EXTRACTED ENTRIES:
*** Block opens ***

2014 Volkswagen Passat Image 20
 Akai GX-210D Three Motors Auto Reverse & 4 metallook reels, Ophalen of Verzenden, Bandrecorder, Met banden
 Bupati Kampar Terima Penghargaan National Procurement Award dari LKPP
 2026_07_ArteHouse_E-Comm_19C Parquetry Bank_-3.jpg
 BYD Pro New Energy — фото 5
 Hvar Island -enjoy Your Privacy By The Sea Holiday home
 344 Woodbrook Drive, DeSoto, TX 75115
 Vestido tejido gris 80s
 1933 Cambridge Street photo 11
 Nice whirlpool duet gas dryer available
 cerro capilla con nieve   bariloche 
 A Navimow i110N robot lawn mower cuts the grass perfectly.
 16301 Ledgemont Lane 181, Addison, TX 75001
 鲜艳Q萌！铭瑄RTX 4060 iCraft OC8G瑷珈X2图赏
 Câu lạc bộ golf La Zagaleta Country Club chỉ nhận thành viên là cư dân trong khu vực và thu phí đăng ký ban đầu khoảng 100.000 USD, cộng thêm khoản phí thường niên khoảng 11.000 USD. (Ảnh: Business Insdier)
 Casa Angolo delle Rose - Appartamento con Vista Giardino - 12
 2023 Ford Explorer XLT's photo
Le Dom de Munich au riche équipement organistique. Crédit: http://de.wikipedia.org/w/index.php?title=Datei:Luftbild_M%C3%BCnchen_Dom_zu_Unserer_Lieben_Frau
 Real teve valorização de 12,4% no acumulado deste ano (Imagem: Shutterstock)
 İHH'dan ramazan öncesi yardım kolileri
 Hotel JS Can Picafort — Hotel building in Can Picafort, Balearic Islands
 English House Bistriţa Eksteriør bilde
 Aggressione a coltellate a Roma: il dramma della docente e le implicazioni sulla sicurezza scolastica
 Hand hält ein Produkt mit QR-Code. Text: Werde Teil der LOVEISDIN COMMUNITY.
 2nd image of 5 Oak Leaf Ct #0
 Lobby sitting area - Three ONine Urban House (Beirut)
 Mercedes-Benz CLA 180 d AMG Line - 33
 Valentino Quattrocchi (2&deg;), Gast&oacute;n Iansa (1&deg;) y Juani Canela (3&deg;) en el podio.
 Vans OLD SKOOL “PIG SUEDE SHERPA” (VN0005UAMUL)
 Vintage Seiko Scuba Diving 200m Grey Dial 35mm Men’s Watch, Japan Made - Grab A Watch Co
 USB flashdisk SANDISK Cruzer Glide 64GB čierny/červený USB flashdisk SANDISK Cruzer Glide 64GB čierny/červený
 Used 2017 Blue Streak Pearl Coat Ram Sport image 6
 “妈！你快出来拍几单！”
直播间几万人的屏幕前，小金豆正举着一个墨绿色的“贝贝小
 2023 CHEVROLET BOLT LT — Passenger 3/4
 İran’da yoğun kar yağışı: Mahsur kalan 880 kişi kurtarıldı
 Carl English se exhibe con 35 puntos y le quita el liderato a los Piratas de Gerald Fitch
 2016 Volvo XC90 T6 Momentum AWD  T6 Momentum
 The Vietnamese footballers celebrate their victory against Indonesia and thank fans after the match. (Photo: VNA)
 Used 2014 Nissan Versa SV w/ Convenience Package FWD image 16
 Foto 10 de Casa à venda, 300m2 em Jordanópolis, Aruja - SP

*** Block closes ***

HOW TO COMPLETE THIS TASK:
Copy every line from the records above that contains the string "Casa".

ANSWER TO THE PROBLEM:
 Casa Angolo delle Rose - Appartamento con Vista Giardino - 12
 Foto 10 de Casa à venda, 300m2 em Jordanópolis, Aruja - SP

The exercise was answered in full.